Rice is the third officer charged in the Gray case to get a full acquittal from Judge Williams.
“The judge decided that there was no proof of any of the charges yet again,” according to WJZ’s Mike Hellgren, who was inside the courtroom as the verdict was read.
“He had the same reasoning in the prior cases. For involuntary manslaughter they would have had to prove that this was grossly negligent conduct. He said he thought the environment was tense out there and Lt. Rice made a judgment call that it was appropriate not to seatbelt him and that the new general order that mandates seatbelt use had not reached Lt. Rice. There was no proof presented that Lt. Rice had read that general order. He also said reckless endangerment failed as a matter of law, that because Lt. Rice did not drive the vehicle simply putting him inside without seatbelting was not reckless endangerment. And misconduct in office he felt that the state did not prove their burden that Lt. Rice was corrupt in his duties and failed in his duties. So the state had a significantly high burden of proof here, they failed on all counts yet again.”
“It became clear throughout the trial that this was an unusual injury and there were competing theories about when during the ride [Gray] sustained this fatal injury and what was interesting at some point the judge said he did not find beyond a reasonable doubt that Lt.

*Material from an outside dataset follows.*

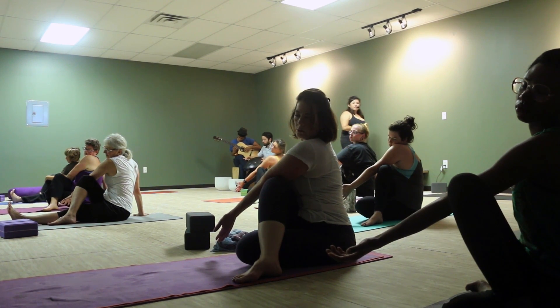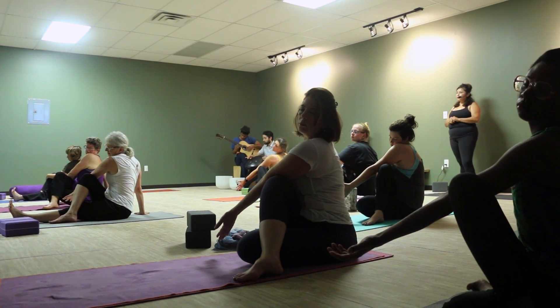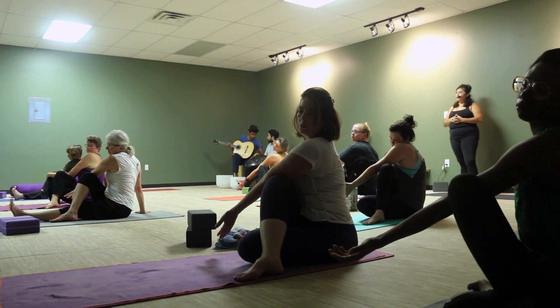And to make it all better, at the top of your exhale, wait one or two seconds before you inhale. Allow your mind to drop into that silence, into the pause.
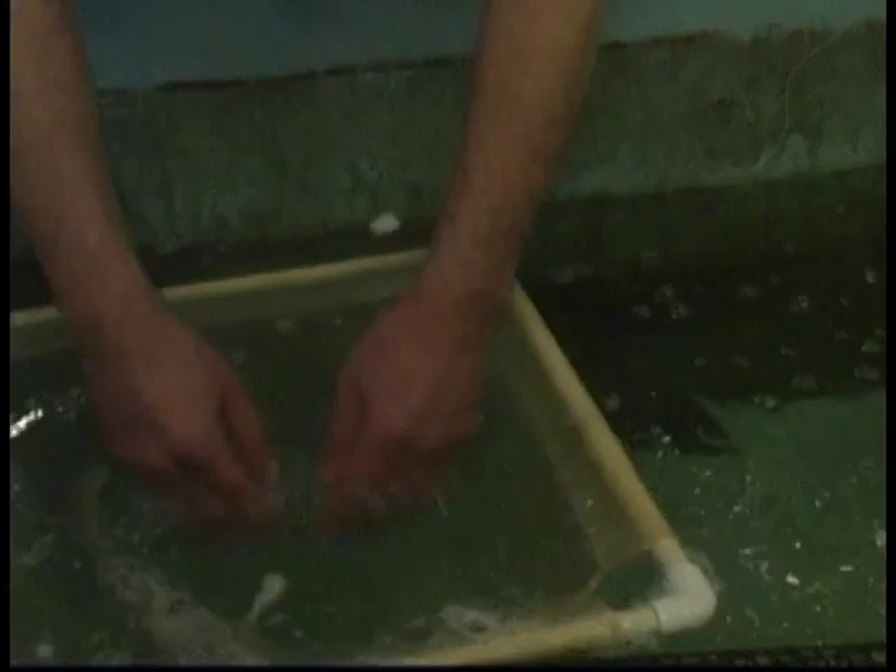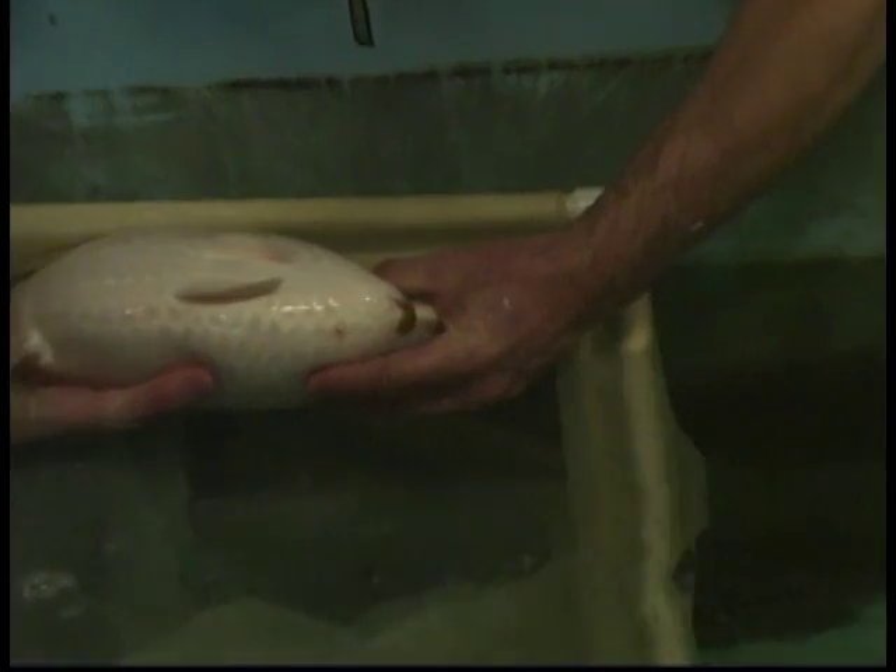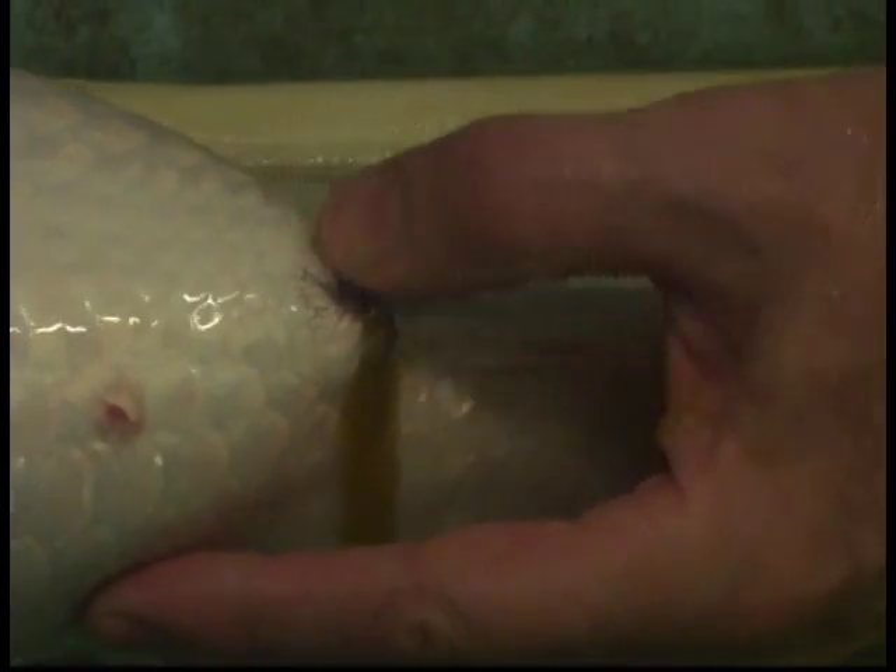Females which are ready to strip eggs, we put in anesthetic. In order to check females, there is no need to remove the fish from the water. It's enough to turn the female and press on the abdomen. If the female is ready, eggs will flow out from the genital pore. This female is ready to be stripped — you see, eggs flowed. Now I put it in anesthetic.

Rice had caused the injury,” Prof. David Jaros of the University of Baltimore Law School tells WJZ.
“I think what you are seeing is the result of a rushed investigation,” Attorney Warren Brown says. “You’re witnessing the results of a rush to prosecution.”
“If the state had done a thorough investigation in this case and made an intellectually honest decision I think they would have concluded that we don’t know what happened in the back of that van,” he went on to say.
“I don’t think anyone was surprised by the outcome–these were aggressive charges when they were first announced,” says Levy. “We saw nothing in any of the trials leading up to this that would compel a finding that these officers had committed criminal acts.”
Baltimore Fraternal Order of Police president Gene Ryan called on City State’s Attorney Marilyn Mosby to stop the prosecution against the three remaining officers.
“We of course are very pleased that Judge Williams has found Lt. Rice to be not guilty of all charges,” said Ryan. “As anticipated the facts have spoken for themselves, Lt. Rice’s actions were found to be reasonable based upon the situation he and the other officers faced. We again strongly urged Mrs. Mosby to stop her malicious prosecution against the remaining three officers. Based upon the evidence in previous trials we are certain the remaining three officers will also be found not guilty.”
Prosecutors said Rice, who is white, was most responsible of the six officers charged for following police procedures to fasten a prisoner in a seat belt, citing his 18 years of experience on the force.
Michael Belsky, Rice’s attorney, said officers could use discretion if they believe their safety is at risk. He said officers had concerns, because Gray was not cooperative and they weren’t sure what onlookers would do if extra time was taken to fasten Gray in the van.